Maßarbeit: Nur besser, wenn alles besser ist

Ich habe mich schon einmal in einem Buch über Maßschuhe geäußert und wurde dafür von einem Menschen, der Maßschuhe fertigt, harsch kritisiert. Das ist natürlich sein gutes Recht. Ich bleibe allerdings dabei, dass nicht jeder Maßschuh mehr bietet als ein gut passender Rahmengenähter aus dem Regal. Dies versteht sich von selbst. Auch ein Anzug vom Schneider ist nicht automatisch besser als ein handgemachter Anzug von der Stange. Maßanfertigung vom Handwerker ist nur besser, wenn sie in allen Bereichen das Fertigprodukt übertrifft.

Ich erinnere mich an einen Messebesuch mit meinem Schneider John Coggin aus London. Wir machten in München dem Stand von Cesare Attolini unsere Aufwartung. John war absolut begeistert von der Verarbeitungsqualität des neapolitanischen Unternehmens. "Ich wünschte, ich hätte in London Schneider, die mir konstant solche Qualität liefern würden" sagte er (in meiner Übersetzung aus dem Englischen). Hier sprach der Handwerker, der neidlos eine gute Leistung anerkannte. Und es sprach ein Mann, dessen eigene Schneiderarbeit von erster Güte ist.

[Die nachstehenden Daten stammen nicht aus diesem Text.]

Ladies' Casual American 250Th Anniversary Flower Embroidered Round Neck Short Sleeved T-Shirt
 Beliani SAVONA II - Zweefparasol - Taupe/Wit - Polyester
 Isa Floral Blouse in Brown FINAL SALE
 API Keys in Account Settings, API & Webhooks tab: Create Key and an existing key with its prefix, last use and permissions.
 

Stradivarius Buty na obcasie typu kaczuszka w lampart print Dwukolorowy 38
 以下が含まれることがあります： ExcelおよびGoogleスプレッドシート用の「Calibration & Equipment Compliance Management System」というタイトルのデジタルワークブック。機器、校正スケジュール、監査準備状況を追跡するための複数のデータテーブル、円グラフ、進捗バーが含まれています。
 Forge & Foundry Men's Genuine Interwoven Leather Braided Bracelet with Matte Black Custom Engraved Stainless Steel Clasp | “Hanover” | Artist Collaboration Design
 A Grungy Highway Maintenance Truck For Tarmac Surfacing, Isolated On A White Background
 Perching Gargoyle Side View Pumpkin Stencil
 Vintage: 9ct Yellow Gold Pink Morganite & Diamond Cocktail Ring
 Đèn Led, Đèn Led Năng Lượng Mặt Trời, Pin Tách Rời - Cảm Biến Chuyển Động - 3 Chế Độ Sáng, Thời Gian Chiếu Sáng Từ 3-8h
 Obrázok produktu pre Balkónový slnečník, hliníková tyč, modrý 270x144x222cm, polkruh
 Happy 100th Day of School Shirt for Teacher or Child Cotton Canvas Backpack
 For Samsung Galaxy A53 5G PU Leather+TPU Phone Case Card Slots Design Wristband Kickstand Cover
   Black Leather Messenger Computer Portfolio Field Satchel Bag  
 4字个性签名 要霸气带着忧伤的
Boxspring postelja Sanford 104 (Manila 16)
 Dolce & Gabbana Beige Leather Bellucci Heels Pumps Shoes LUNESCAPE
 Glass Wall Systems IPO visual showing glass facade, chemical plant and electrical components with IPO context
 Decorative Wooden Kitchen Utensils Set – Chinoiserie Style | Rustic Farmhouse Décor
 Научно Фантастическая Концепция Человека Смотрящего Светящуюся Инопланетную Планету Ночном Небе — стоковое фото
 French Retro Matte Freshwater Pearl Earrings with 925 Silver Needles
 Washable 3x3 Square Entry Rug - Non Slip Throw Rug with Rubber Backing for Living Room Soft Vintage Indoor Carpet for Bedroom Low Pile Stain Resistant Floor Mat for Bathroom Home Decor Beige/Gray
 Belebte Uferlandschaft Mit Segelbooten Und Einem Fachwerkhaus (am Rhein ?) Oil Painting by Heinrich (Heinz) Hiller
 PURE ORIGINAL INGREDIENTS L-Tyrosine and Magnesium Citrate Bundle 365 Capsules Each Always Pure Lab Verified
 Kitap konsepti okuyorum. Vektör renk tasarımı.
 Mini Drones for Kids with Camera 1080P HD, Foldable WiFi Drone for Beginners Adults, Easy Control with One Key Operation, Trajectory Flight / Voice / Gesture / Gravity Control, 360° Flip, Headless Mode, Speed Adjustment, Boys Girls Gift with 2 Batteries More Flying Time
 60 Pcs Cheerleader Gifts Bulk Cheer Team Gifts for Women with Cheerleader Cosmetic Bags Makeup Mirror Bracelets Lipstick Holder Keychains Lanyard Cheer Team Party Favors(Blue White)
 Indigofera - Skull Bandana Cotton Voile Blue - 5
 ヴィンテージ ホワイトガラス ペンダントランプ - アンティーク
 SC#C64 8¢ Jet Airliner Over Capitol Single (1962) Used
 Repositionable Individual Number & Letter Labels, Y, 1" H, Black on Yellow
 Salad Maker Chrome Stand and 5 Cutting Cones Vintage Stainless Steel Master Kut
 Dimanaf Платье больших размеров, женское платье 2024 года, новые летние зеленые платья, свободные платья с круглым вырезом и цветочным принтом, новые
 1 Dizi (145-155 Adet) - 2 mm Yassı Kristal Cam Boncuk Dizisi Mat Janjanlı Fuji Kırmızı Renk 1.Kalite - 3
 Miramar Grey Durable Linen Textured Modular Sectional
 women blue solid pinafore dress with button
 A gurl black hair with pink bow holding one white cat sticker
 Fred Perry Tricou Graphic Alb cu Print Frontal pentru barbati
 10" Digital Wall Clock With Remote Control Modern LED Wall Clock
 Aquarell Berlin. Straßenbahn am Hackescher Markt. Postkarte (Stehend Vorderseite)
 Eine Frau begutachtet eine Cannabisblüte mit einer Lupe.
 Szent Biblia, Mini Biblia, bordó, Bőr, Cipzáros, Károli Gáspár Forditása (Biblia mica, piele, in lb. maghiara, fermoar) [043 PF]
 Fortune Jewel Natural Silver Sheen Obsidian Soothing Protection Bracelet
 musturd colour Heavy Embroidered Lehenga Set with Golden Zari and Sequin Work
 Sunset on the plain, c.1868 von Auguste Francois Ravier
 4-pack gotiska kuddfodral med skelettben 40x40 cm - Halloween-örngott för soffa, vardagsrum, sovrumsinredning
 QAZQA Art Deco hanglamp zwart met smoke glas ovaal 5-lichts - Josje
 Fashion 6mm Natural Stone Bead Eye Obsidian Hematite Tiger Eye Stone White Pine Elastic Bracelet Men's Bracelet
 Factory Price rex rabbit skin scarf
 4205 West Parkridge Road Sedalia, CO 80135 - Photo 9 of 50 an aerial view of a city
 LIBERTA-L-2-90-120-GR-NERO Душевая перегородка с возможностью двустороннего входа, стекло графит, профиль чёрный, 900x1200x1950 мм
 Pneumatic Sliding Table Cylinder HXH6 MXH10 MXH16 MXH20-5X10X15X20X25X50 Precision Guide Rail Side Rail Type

Ein Maßanzug vom Schneider muss also so gut verarbeitet sein, wie ein Anzug von z. B. Cesare Attolini (es gibt natürlich auch noch andere Anbieter, die diese Qualität bieten), obendrein muss das Teil vom Schneider aber auch noch bei der Passform besser sein. Wenn das so ist, würde ich den Anzug vom Schneider vorziehen. Aber eben nur dann. Und so ist es auch beim Maßschuh. Was nützt mir die gute Handarbeit, wenn die Passform nicht stimmt? Und was nützt die gute Passform, wenn die Verarbeitung nicht optimal ist oder das Leder von minderer Qualität?